Whole Foods to label GMO foods

Genetically modified ingredients to be labeled within five years.

The New York Times
March 11, 2013 at 1:41AM
A customer walks home from the Whole Foods Market in Cambridge, Mass., Saturday, Aug. 9, 2008. Whole Foods Market is recalling fresh ground beef sold between June 2 through Aug. 6 after reports that customers in Massachusetts and Pennsylvania were sickened. Some of Whole Foods beef is supplied by Nebraska Beef Ltd, which is recalling 1.2 million pounds of beef because the products may be contaminated with E. coli bacteria.
A customer walks home from the Whole Foods Market in Cambridge, Mass (Elliott Polk (Clickability Client Services) — Associated Press/The Minnesota Star Tribune)

Whole Foods Market, the grocery chain, announced Friday that it would require all foods sold in its stores that contain genetically modified ingredients to be labeled as such within five years.

The company is the first retailer in the country to require the labeling, and its executives received a standing ovation when they made the announcement during the Natural Products Expo West, a trade conference, in California.

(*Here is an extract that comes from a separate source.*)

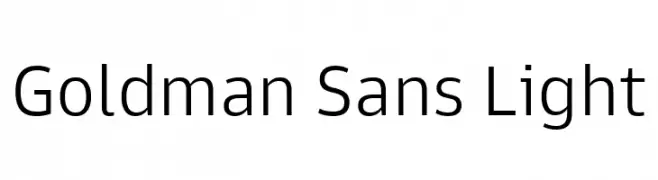 Goldman Sans Light  フリーフォントのダウンロード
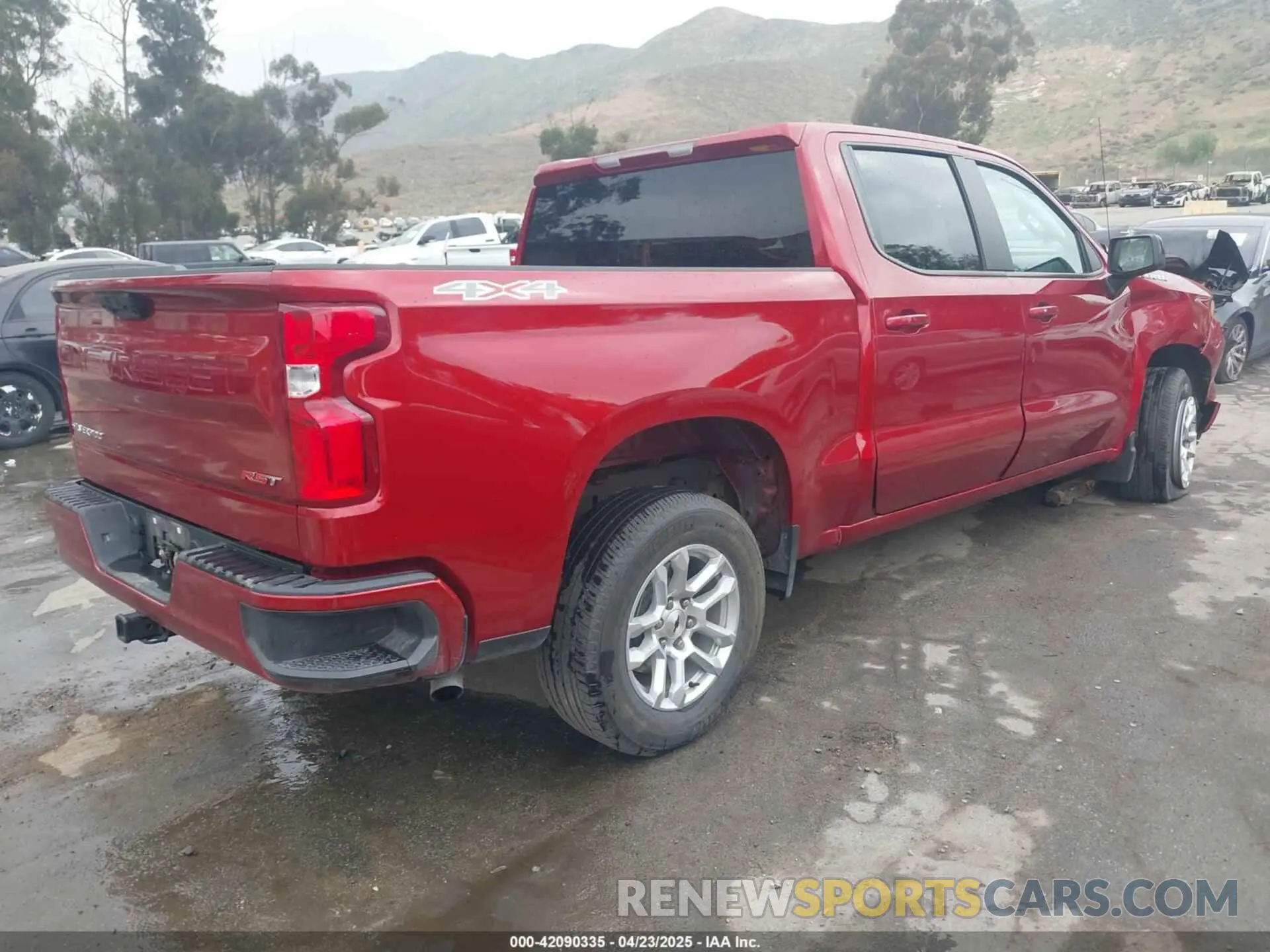 4 Photograph of a damaged car 1GCPDEEK8RZ332111 CHEVROLET SILVERADO 1500 2024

A.C. Gallo, president of Whole Foods, said the move came in response to consumer demand.

Labels now used on Whole Foods products disclose when a product has been verified as free of genetically engineered ingredients by the Non-GMO Project, a nonprofit certification organization.

"We've seen how our customers have responded to the products we do have labeled," Gallo said. "Some of our manufacturers say they've seen a 15 percent increase in sales of products they have labeled" as certified by the group.

The announcement ricocheted around the food industry and excited proponents of labeling.

"Fantastic," said Mark Kastel, co-director of Cornucopia, an organic advocacy group that favors more labeling.

Gary Hirshberg, chairman of Just Label It, a campaign for a federal requirement to label foods containing genetically modified ingredients, called the Whole Foods decision a "game changer."

"We've had some pretty big developments in labeling this year, with 22 states now having some sort of pending labeling legislation," Hirshberg said. "Now, one of the fastest-growing, most successful retailers in the country is throwing down the gauntlet."